◆ How to complete this task ◆
From the entries below, please output exactly the lines starting at the one containing "The Bulldogs decided" and ending at the one containing "Amanda Hocking Quotes: I've", both included.

◆ Material for this exercise ◆

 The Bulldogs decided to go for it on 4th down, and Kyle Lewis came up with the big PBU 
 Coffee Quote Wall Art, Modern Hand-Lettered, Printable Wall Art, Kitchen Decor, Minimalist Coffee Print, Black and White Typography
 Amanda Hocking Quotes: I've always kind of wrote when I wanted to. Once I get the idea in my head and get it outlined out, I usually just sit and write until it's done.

--

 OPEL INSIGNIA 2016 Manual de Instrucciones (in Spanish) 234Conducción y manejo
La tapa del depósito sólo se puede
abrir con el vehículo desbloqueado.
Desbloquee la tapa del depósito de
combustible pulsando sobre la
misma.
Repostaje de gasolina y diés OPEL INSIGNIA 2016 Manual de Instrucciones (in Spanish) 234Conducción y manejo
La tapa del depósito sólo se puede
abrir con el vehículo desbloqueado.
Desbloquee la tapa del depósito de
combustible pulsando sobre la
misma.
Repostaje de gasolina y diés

◆ Result of this exercise ◆
 The Bulldogs decided to go for it on 4th down, and Kyle Lewis came up with the big PBU 
 Coffee Quote Wall Art, Modern Hand-Lettered, Printable Wall Art, Kitchen Decor, Minimalist Coffee Print, Black and White Typography
 Amanda Hocking Quotes: I've always kind of wrote when I wanted to. Once I get the idea in my head and get it outlined out, I usually just sit and write until it's done.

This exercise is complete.